In yesterday’s opinion, the court did consider the dictionary definitions and usages of the word “substantial” in other statutes, but it did not find those sources especially illuminating. The dictionary definitions merely revealed the word’s ambiguity, and the usages of the word in other statutes were unhelpful because those statutes had different structures.
So what was helpful to the court in interpreting the phrase? It was all of the text surrounding the phrase “substantial portion” within Section 271(f). In considering that text, the court found a very important clue for interpreting the statute properly. The phrase “substantial portion” appears within paragraph (1) of Section 271(f), but the statute has a paragraph (2) that specifically addresses when infringement liability should be imposed where “any component” is supplied from the United States. Paragraph (2) requires that, if liability is to be imposed for supply “any component” of an invention, that component must be pretty special – it must be “especially made or especially adapted for use in the invention” and also “not a staple article or commodity of commerce.”
To the court, the statutory text in (f)(2) helped nail down the meaning of the phrase “substantial portion of the components” in (f)(1). The court reasoned that reading (f)(1)’s “substantial portion of the components” as referring to more than one component allows (f)(1) and (f)(2) “to work in tandem,” with (f)(1) controlling supply of components “plural” and (f)(2) controlling supply of “‘any component,’ singular.”

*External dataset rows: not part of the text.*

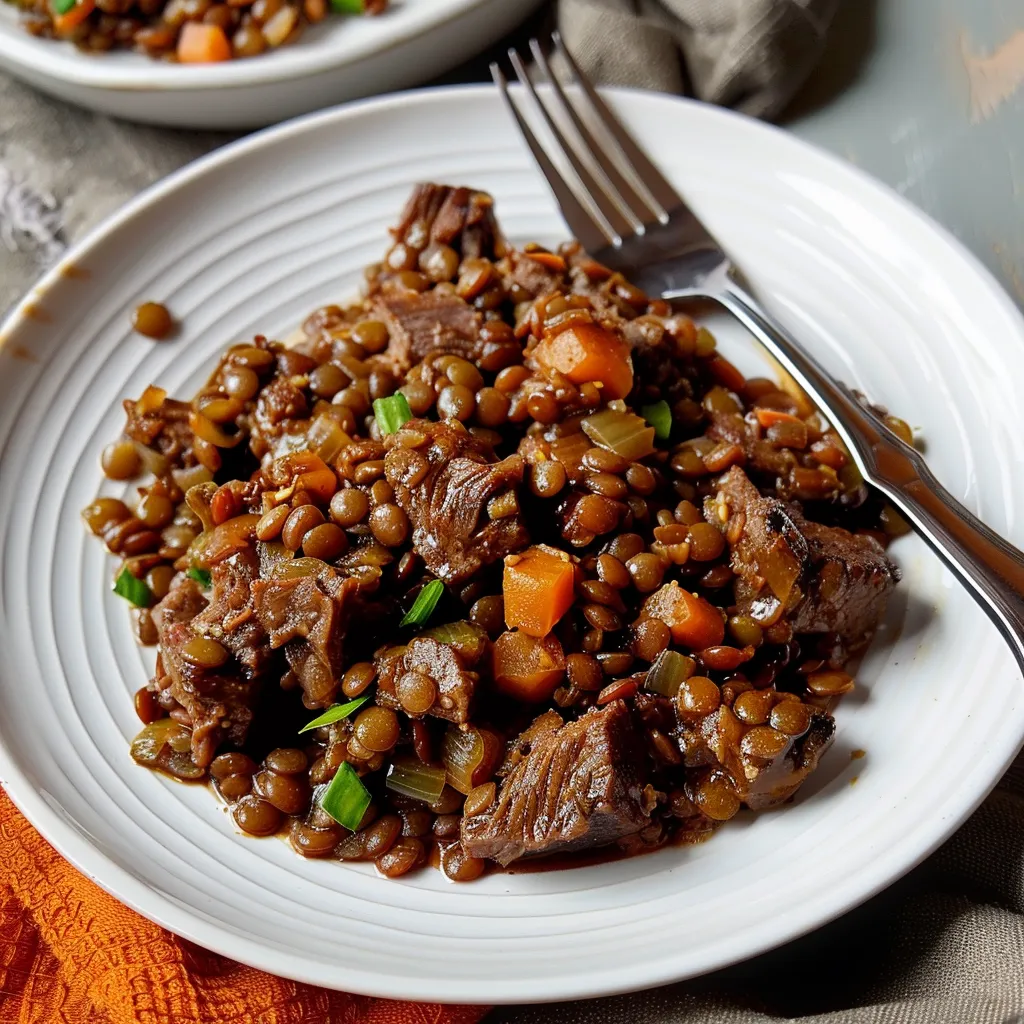 Lentilles mijotées au bœuf oriental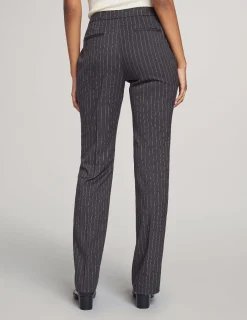 Discount Anne Klein Executive Collection Pinstripe Two Button Jacket With Pant And Skirt Charcoal/Bright White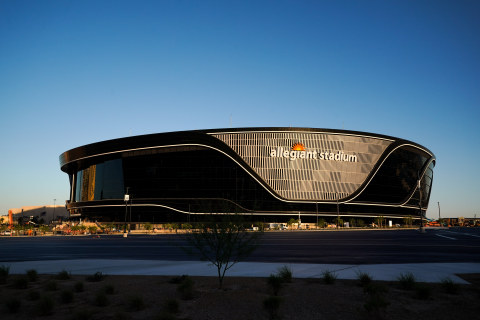 The state-of-the-art Allegiant Stadium (Las Vegas Raiders NFL football stadium) is finished with long-lasting PPG paints, coatings and specialty materials in distinctive black and silver colors. (Photo: Business Wire)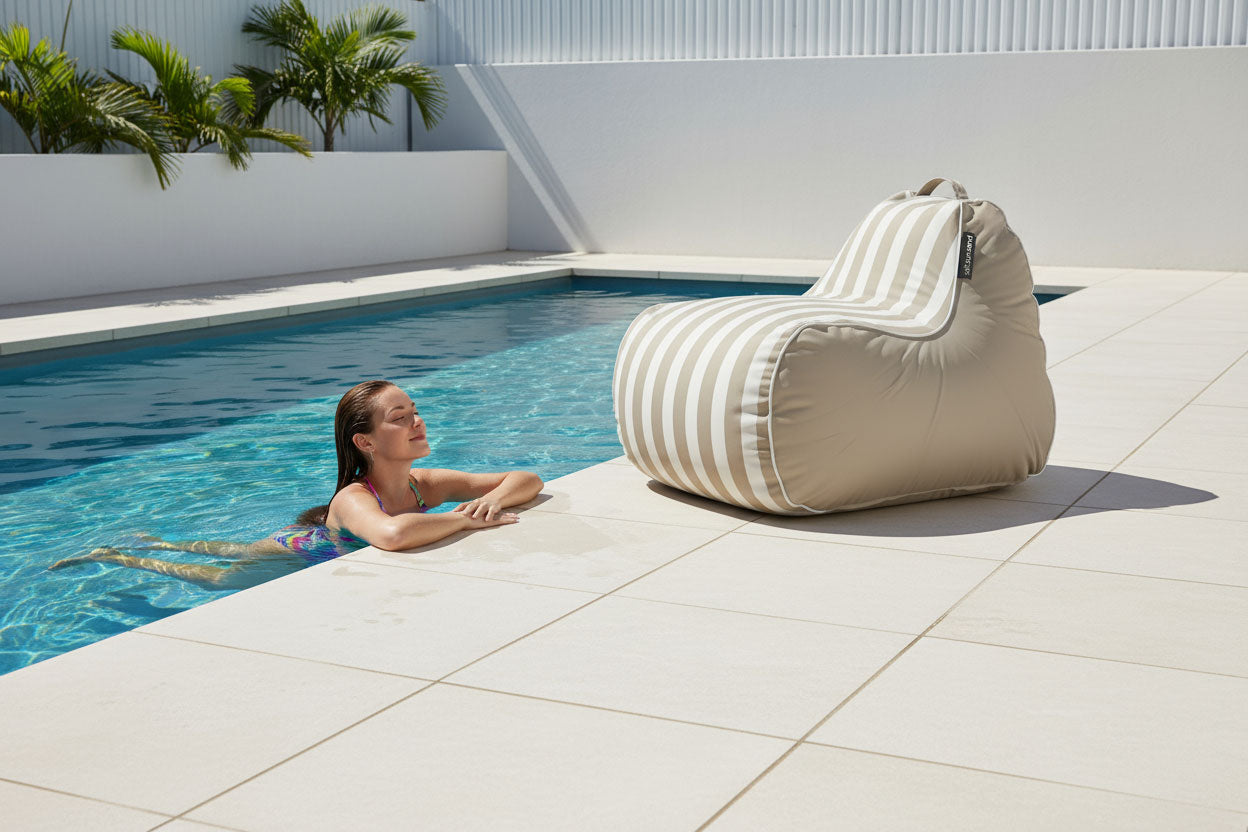 Byron Bay Indoor/Outdoor Bean Bag in Taupe Stripe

That reading makes sense given that supplying a single “commodity” component of an invention (which is all the petitioner in Life Technologies did) cannot generate liability under (f)(2). Under the court’s decision, the apparent meaning of the textual limitations in (f)(2) is not undermined by a broad interpretation of (f)(1).
A rigid rule beats a flexible standard?
One final point about yesterday’s decision is especially important to patent practitioners litigating cases in the Supreme Court. In recent years, it has become the received wisdom among many practitioners and academics (excluding me) that the Supreme Court likes to reverse the U.S. Court of Appeals for the Federal Circuit when the latter has embraced a “rigid rule.” The theory is that the Supreme Court prefers flexible standards over rigid rules in patent law.
Yesterday’s decision provides evidence that such a view is too simplistic. In the decision reversed by the justices, the Federal Circuit had embraced a flexible “qualitative” approach to determining whether a “substantial portion” of components had been supplied. The Supreme Court replaced that flexible test with a rigid rule – one component is never enough to trigger liability under Section 271(f)(1).
Why did the Supreme Court favor a rigid rule here and not in many prior patent cases? The answer – in my humble opinion – is that the statutory text and structure in Section 271(f) lent itself to a rule. By contrast, many other statutes in the Patent Act do not. Most famously among patent practitioners, the concept of “non-obviousness” – a crucial prerequisite to getting a valid patent – does not admit of any neat, formulaic rules. Different legal issues produce different types of solutions, and the relationship between the Supreme Court and the Federal Circuit cannot be boiled down to a simplistic rule.
* * *
Life Technologies is not an earth-shattering development in the law of patents. It’s a smallish case involving the proper interpretation of a single phrase in one subsection of the Patent Act. Yet even this relatively minor case offers lessons about important issues, including the effects of foreign activity on U.S. patent suits, the proper approach to statutory interpretation, and the continuing evolution of the Federal Circuit’s relationship with the Supreme Court.